The six others, police said, had posted similar content on social media and that if action wasn’t taken they “would have caused chaos in society.”

Rin Roath, one of the people convicted on Thursday, said the police would routinely send court orders to his parents’ home but that he didn’t not get a notification about the court trial.

The convictions showed that the government was using the courts to suppress free expression, he said, and that he rejected the conviction.
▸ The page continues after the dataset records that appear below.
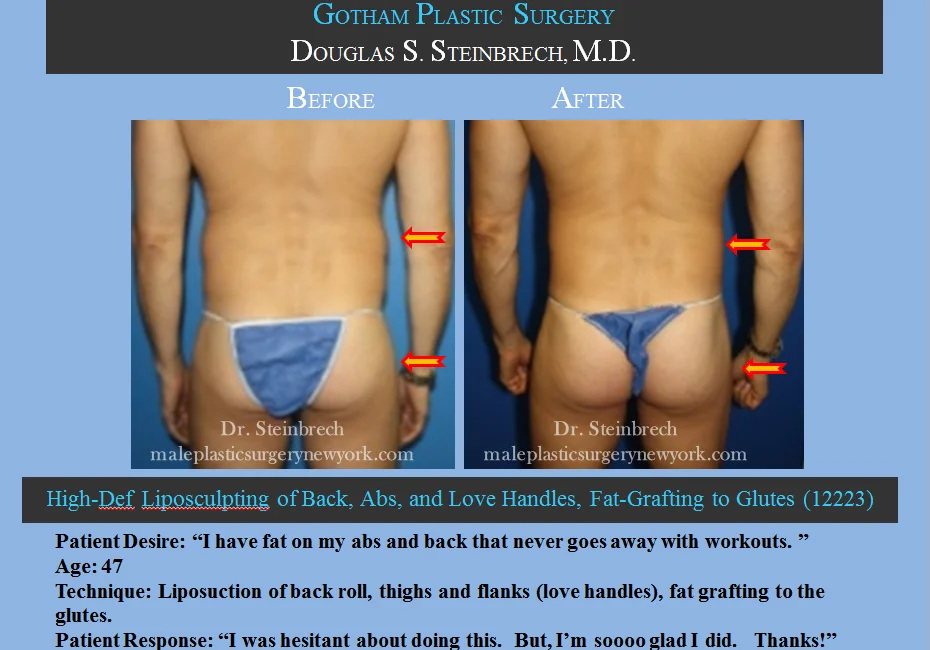 Liposuction - Before & After Photos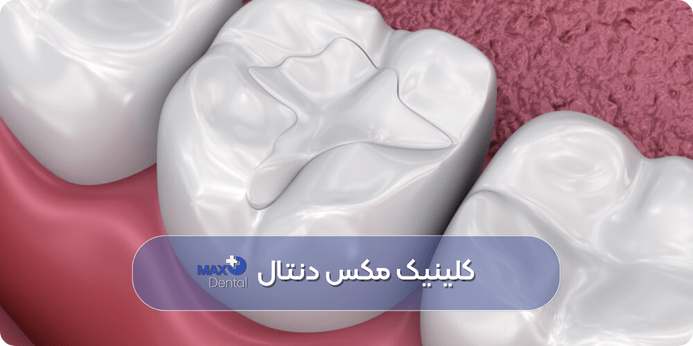 آیا میتوان دندان پر شده را سفید (بلیچینگ) کرد
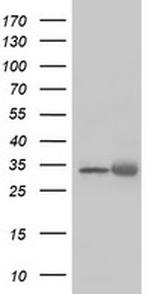 EXOSC7 Antibody in Western Blot (WB)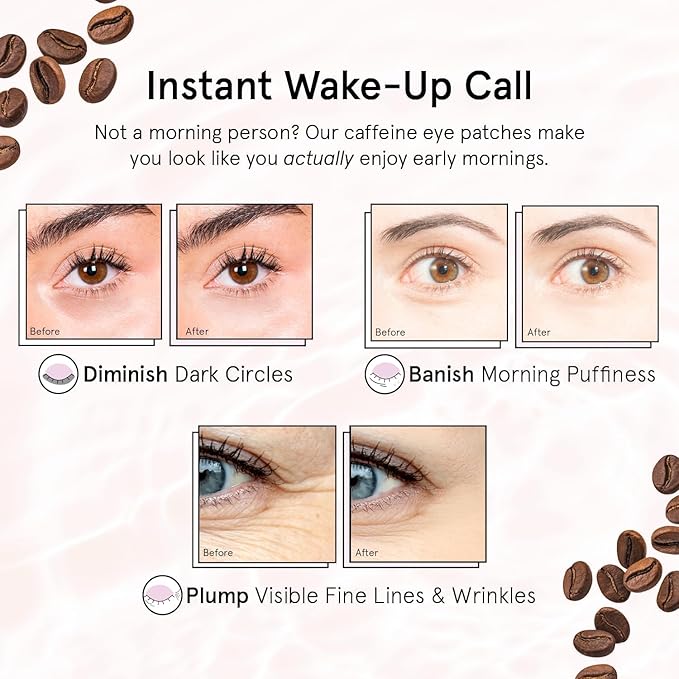 grace & stella Caffeine Under Eye Patches - Awakening Eye Patches for Puffy Eyes and Dark Circles - Under Eye Mask Patches with Niacinamide & Hyaluronic Acid - Vegan, Cruelty-Free (Bronze, 24 Pairs)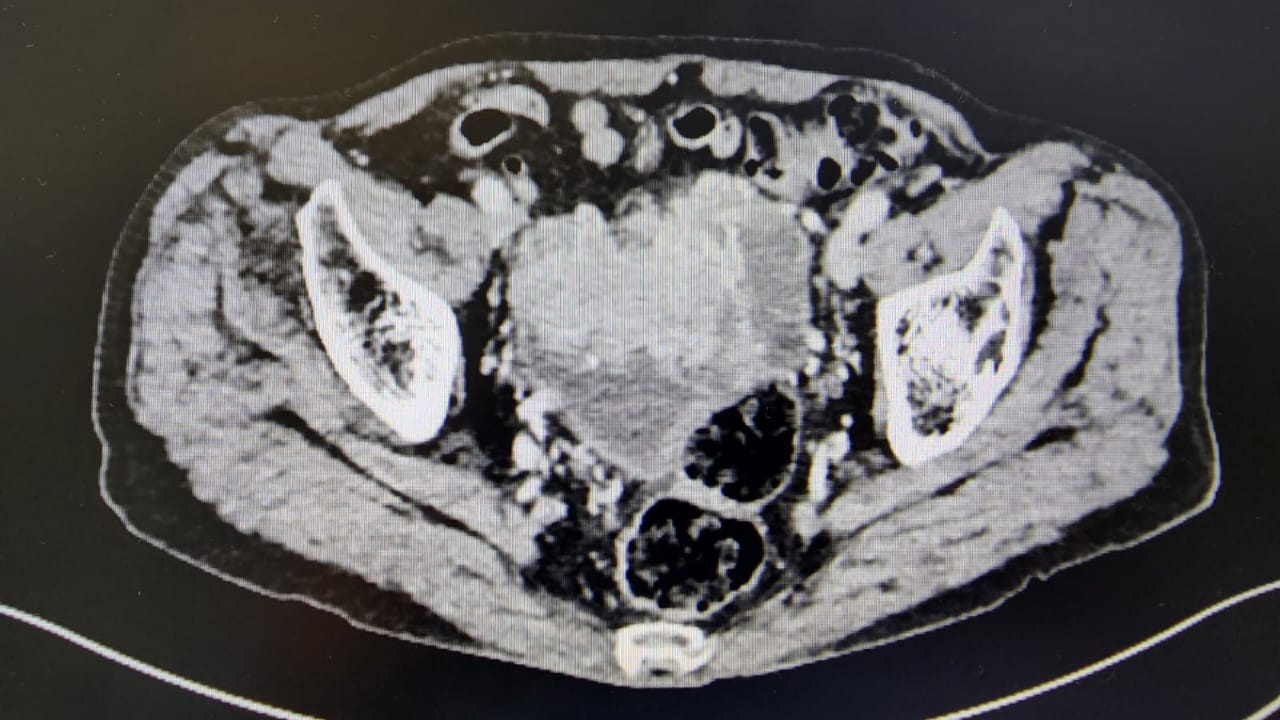 Médicos del IREN Centro reconstruyen vejiga de hombre de 79 años con parte del intestino delgado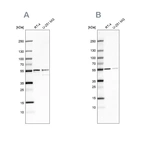 Western blot analysis using Anti-SHMT2 antibody HPA020543 (A) shows similar pattern to independent antibody HPA020549 (B).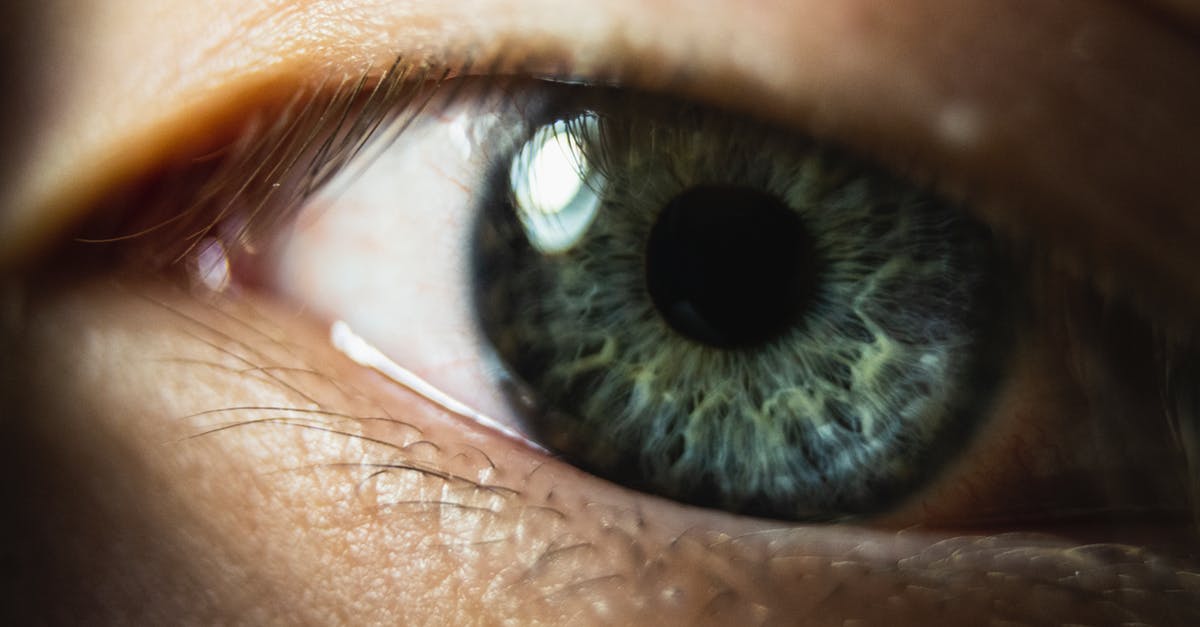 What is the eyeball icon over the troops in Rome 2 Total War? - Close Up Photo of An Eye Green and White Eye What is the eyeball icon over the troops in Rome 2 Total War? - Close Up Photo of An Eye Green and White Eye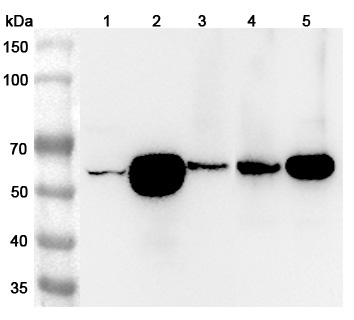 Anti-Human ATP6V1B2 Polyclonal Antibody binds to Recombinant Human ATP6V1B2 Protein, N-His in WB Assay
“I will not ask my lawyer to appeal this verdict because I don’t have hope in the court,” he said. “I think this is a politically motivated case and no matter whether I appeal, I still will not be able to win or get justice.”

Roath sought the services of opposition lawyer Sam Sokong, who said on Thursday that he did not attend the trial because he had not received a formal request from the defendants.

“I think the verdict to sentence [them] to 18 months in prison is heavy, and regarding the trial, my clients have not got information or summonses for the trial. Even though they are overseas, they have clear addresses here,” he said.

Mao Vibol, another defendant, said the court’s verdict was based on the decision of a politician. 

“[Even if] we appealed it won’t get us anything in return,” he said.

Cambodian courts have tried hundreds of activists, former politicians and supporters linked to the CNRP on a raft of charges. Currently, more than 130 defendants are facing trials for charges like incitement.

Chin Malin, a Ministry of Justice spokesperson, said that once an arrest warrant was issued it should generally be implemented immediately by the competent authorities and based on the court’s procedures.

He said the country would use all means to bring back people convicted by the courts using cooperation with friendly countries and diplomacy.

“The procedure to bring the offenders who have escaped to other countries after sentencing is done through agreements in the criminal field, through diplomatic mechanisms and cooperation between friendly countries as well as regional cooperation,” Malin said.

CNRP leader Mu Sochua wanted to return to the country earlier this year to face trial on a number of charges including plotting an attack against the country, but the Cambodian government refused to issue her a visa. The government had canceled her and other senior opposition leaders’ Cambodian passports.

The government extradited Sam Sokha, a resident of Kampong Speu, in 2018 from Thailand after she was convicted for throwing a shoe at a CPP billboard with Hun Sen’s image. A fixer working for RT news agency in December 2018 was also arrested in Thailand and extradited after the fixer had assisted on a documentary about child sex trafficking in Phnom Penh.